▸ TASK INSTRUCTIONS
In the records below, find the line that holds "サルスベリの花 サルスベリの花 68521887". Restate it and every later line exactly, stopping at the end and skipping pictures.

▸ RECORDS SUPPLIED
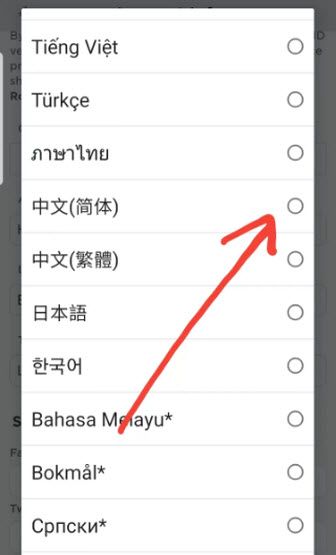roblox国际版 roblox国际版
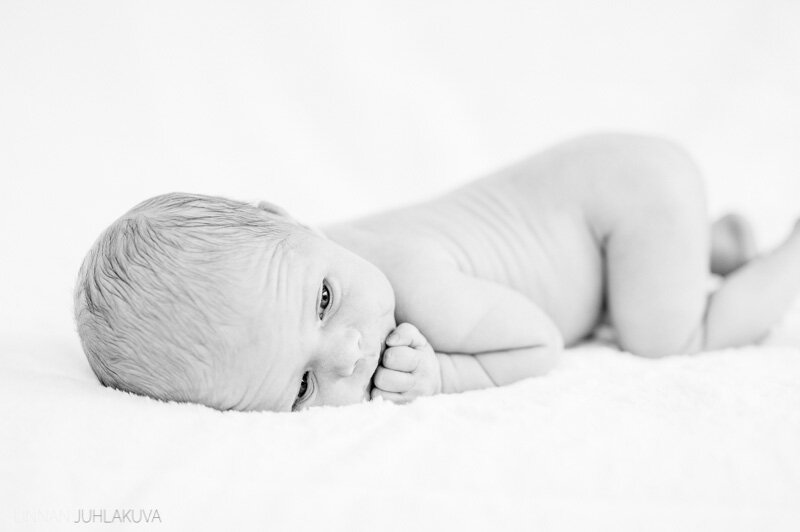 newborn-2.jpg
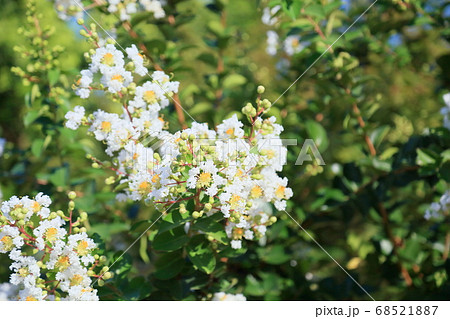サルスベリの花 サルスベリの花 68521887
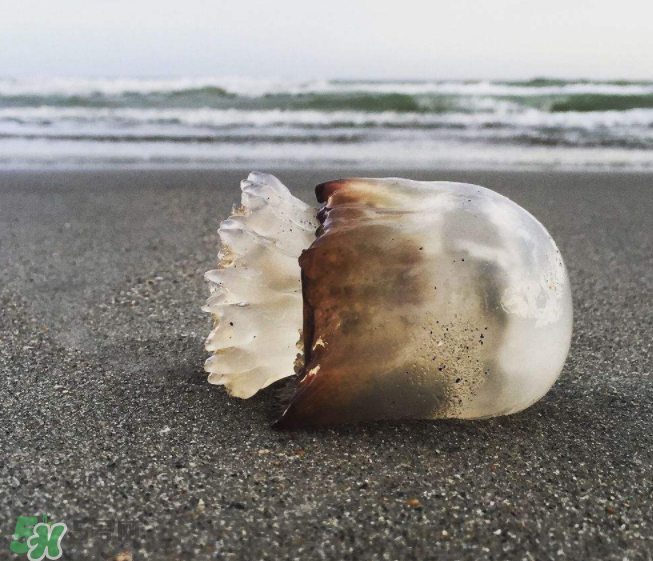 海蜇不泡能吃嗎？海蜇可以直接吃嗎？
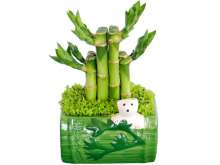 开运竹塔节节高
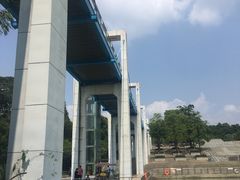 -东莞植物园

▸ EXERCISE OUTPUT
サルスベリの花 サルスベリの花 68521887
 海蜇不泡能吃嗎？海蜇可以直接吃嗎？
 开运竹塔节节高
 -东莞植物园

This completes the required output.